By Kimio Osawa, Founder, Osawa Enterprises
Kobe beef is one of the best known Japanese wagyu beef brands. For over 150 years, the Japanese government imported many European breeds to improve meat quality and more meat production.
It turned out to be a total failure, so they traced back to the origin of Japanese wagyu breeds after years of experimentation. They found a few places in Kobe, which is in the Hyogo prefecture. One of the genetic lines was called the Tajiri line, which is now used in 99% of Japanese wagyu beef brands production. Overseas wagyu production is the same. When wagyu farmers need to focus on highly marbled wagyu productions, then they cross-breed with the Tajima genetic lines.
The Tajima line is originally bred, born and fed in only Kobe. Its characters are much smaller frame compared with those famous other Japanese wagyu brands. They are also a more difficult breed to rear. Kobe beef farmers need to pay extra attention to cattle as they are prone to disease.
Everybody expects Kobe beef to be highly marbled compared with all other major brands, but the meat is 40% A4 (a Beef Marbling Score of 6-7) and 40% A5 (BMS 8-9). It is quite difficult to achieve above BMS 10-12.
I would say there is only 5% of whole Kobe beef industry that can achieve a BMS of 12. The biggest challenge for its production is the heavy in-line breeding. Most famous brands – especially Kagoshima, Miyazaki and Hokkaido – can cross-breed with any genetic line with a high marbling focus or fast growth line. That way they can easily achieve over 90% of their product with an A5 grade.
A closely protected formula
Kobe beef production is highly isolated, as they are committed to keeping the exclusivity of the genuine Tajima genetic line. The Kobe beef breeding organization carefully chooses and advises most of its farmers to maximize the limited genetic line for better marbling, better growth rate and to stay away from intensive in-line breeding.

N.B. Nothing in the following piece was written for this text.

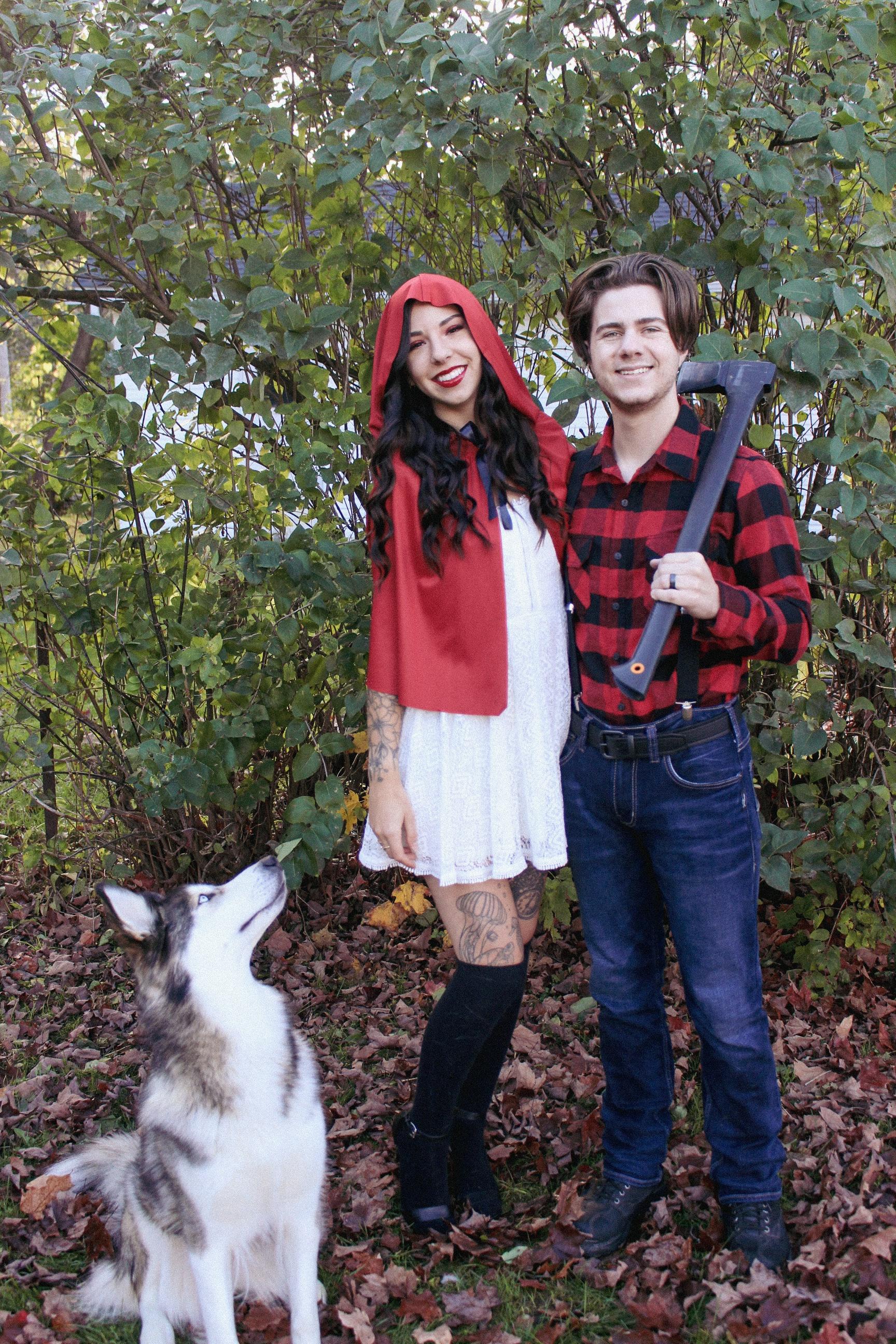 Red Ridinghood & the Big "Bad" Wolf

The Kobe beef organization said to me that their target BMS is A4, and a BMS of 6-7. They said the balance of marbling and actual red meat is ideal and creates the best eating quality for consumers.
Here is some more information about the breed.
- Steers (castrated cattle) are around AD42 per kg for carcass weight (normally 430kg)
- Virgin cows (female cattle) are around AD50/kg for carcass weight (normally 350kg
Kobe beef sounds very expensive. But farmers are not making any money at the moment due to high feeder steer (calves) prices (virgin cows are AD11,000 and steers are AD12,500.)
Another biggest problem they are facing is Matuszaka beef production. Matsuzaka wagyu farmers buy all virgin cows from the market for their fattening production.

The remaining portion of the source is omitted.